*** Opening of EXERCISE MATERIAL ***

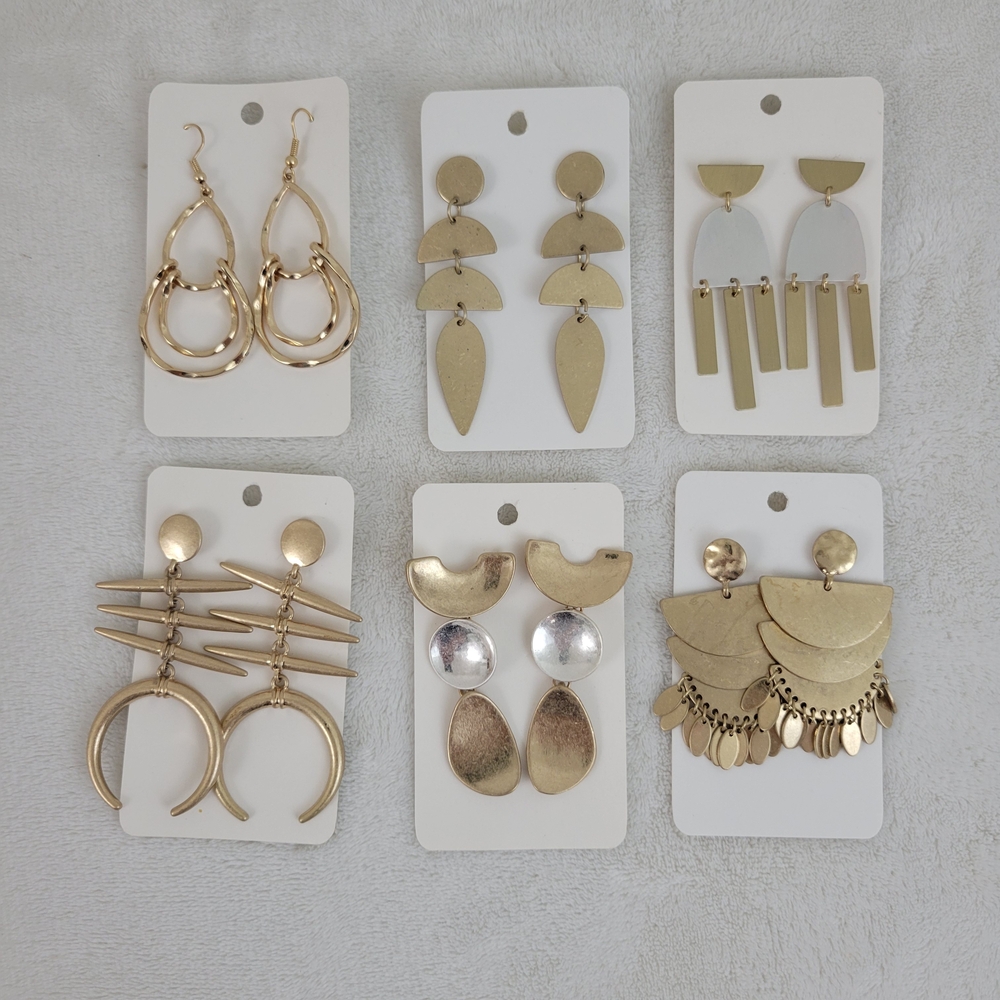 NEW 》 Gold and Silver Earrings Bundle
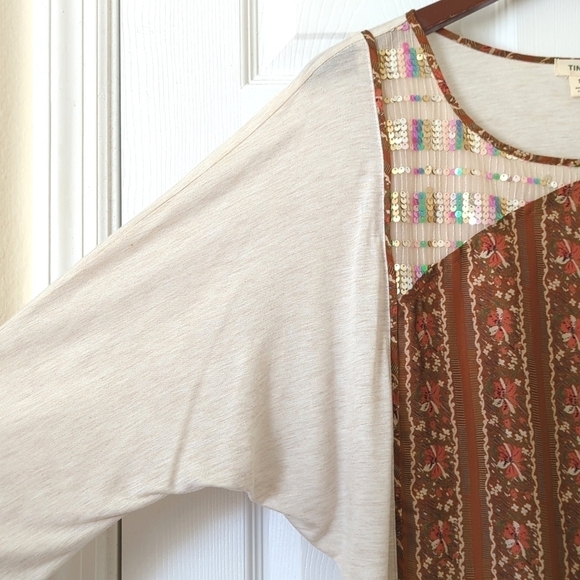 Tiny Anthropologie Sammi Sequined & Floral Long Dolman Balloon Sleeve Top Small - Picture 3 of 13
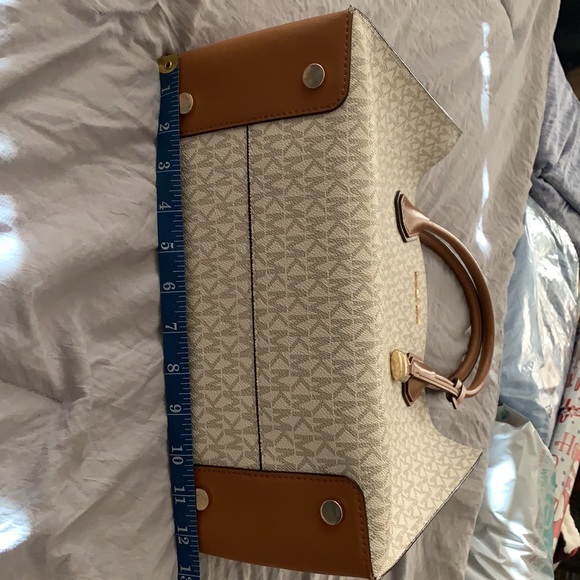 Michael Kors handbag - Picture 8 of 11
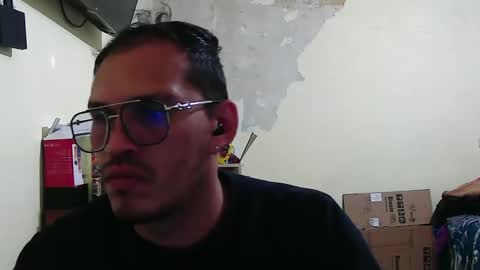Snapshot of doblewyosk69g chatting on October 19, 7:00 am doblewyosk69g online show from October 19, 7:00 am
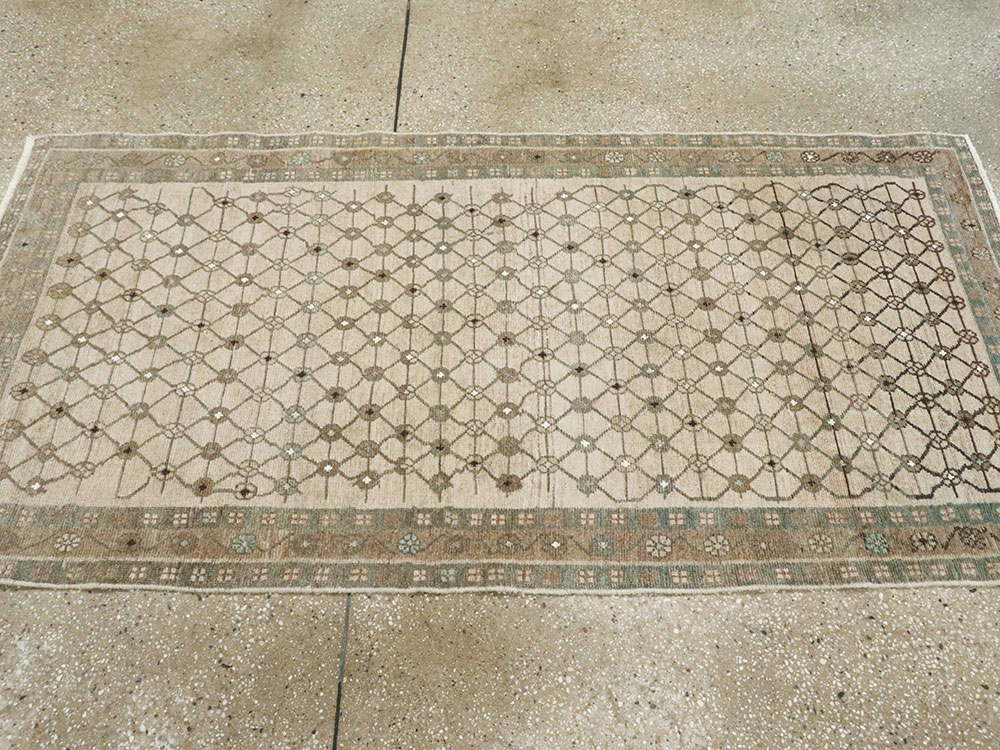 Vintage Persian Malayer Rug, No.25529 - Galerie Shabab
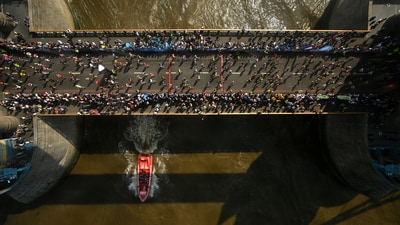 Following the Victoria Embankment, runners head north down the Thames to Westminster, passing Buckingham Palace before coming to a stop at the Mall. (REUTERS)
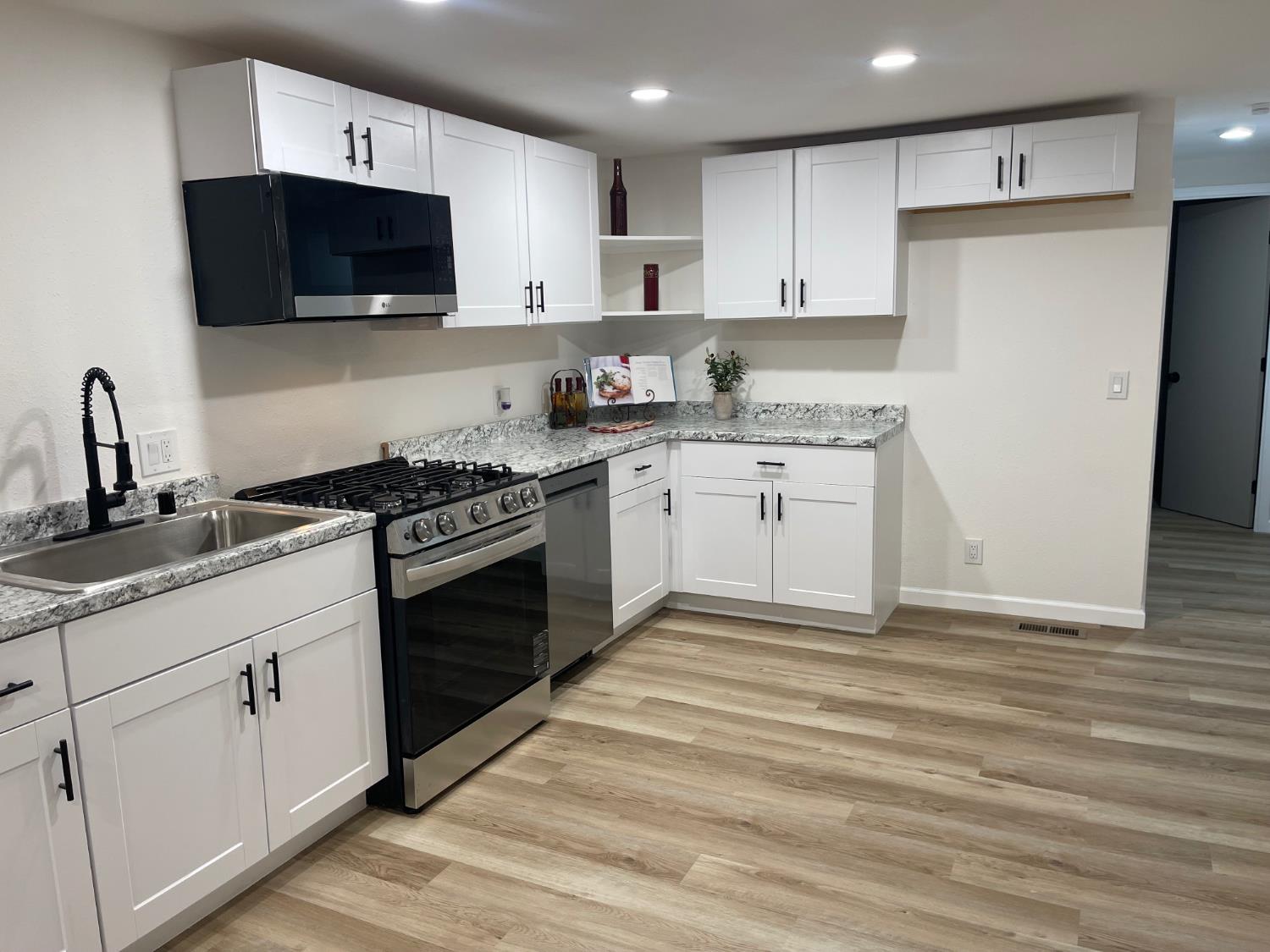900 Old Stockton Rd #127, Oakdale, CA 95361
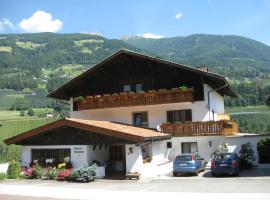 Pension Thalerhof, hotel v destinaci Rifiano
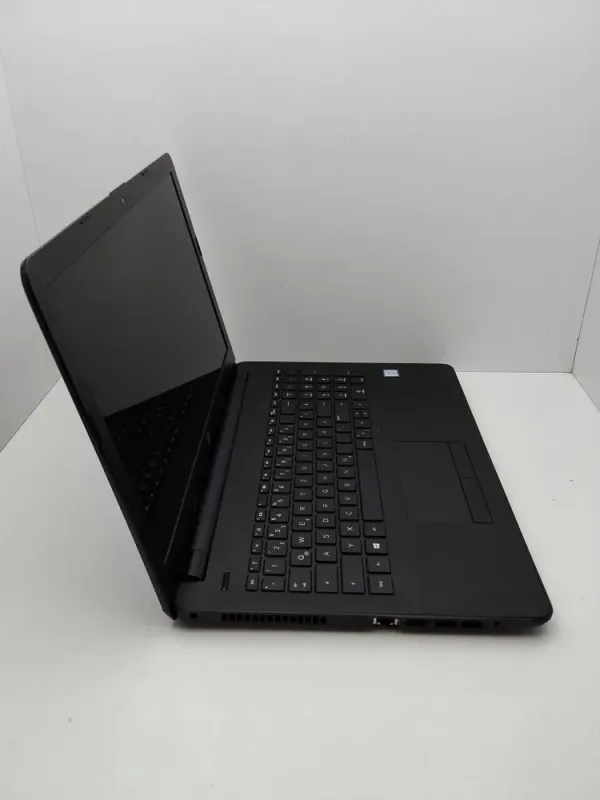 Ноутбук HP 15B / 15.6" (1366x768) TN / Intel Core i3-6006U (2 (4) ядра по 2.0 GHz) / 8 GB DDR4 / 240 GB SSD / Intel HD Graphics 520 / WebCam б/в - зображення 5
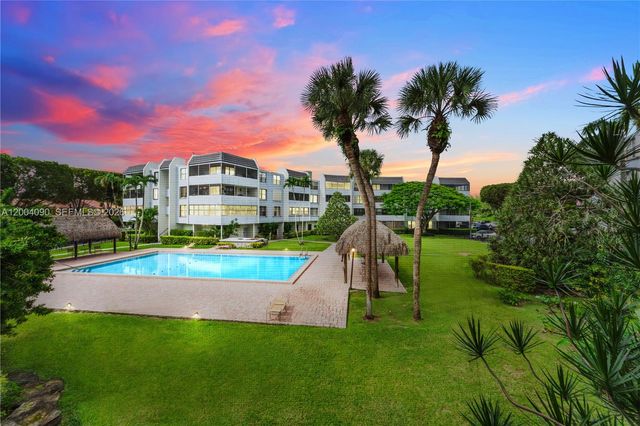 10852 N Kendall Drive 312, Miami, FL 33176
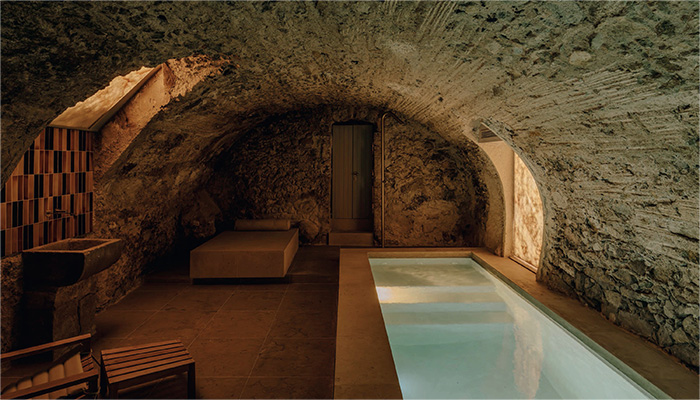 Palau Fugit tucked away spa for one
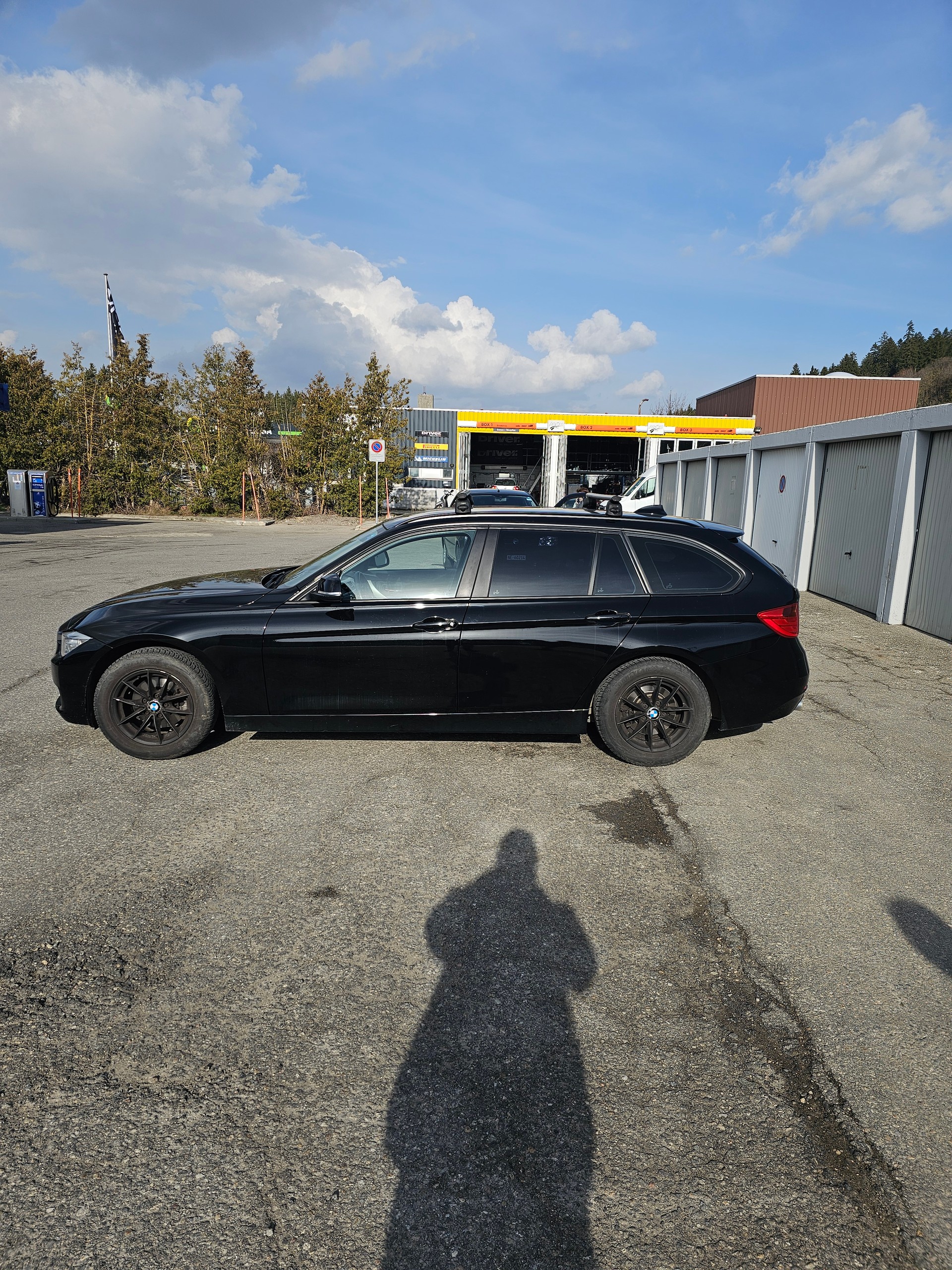 BMW 318d xDrive Touring-image-0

*** Close of EXERCISE MATERIAL ***

All that should be returned is the run of lines from the start of the entries above to the line bearing "Snapshot of doblewyosk69g", each exact, with pictures omitted.

 NEW 》 Gold and Silver Earrings Bundle
 Tiny Anthropologie Sammi Sequined & Floral Long Dolman Balloon Sleeve Top Small - Picture 3 of 13
 Michael Kors handbag - Picture 8 of 11
Snapshot of doblewyosk69g chatting on October 19, 7:00 am doblewyosk69g online show from October 19, 7:00 am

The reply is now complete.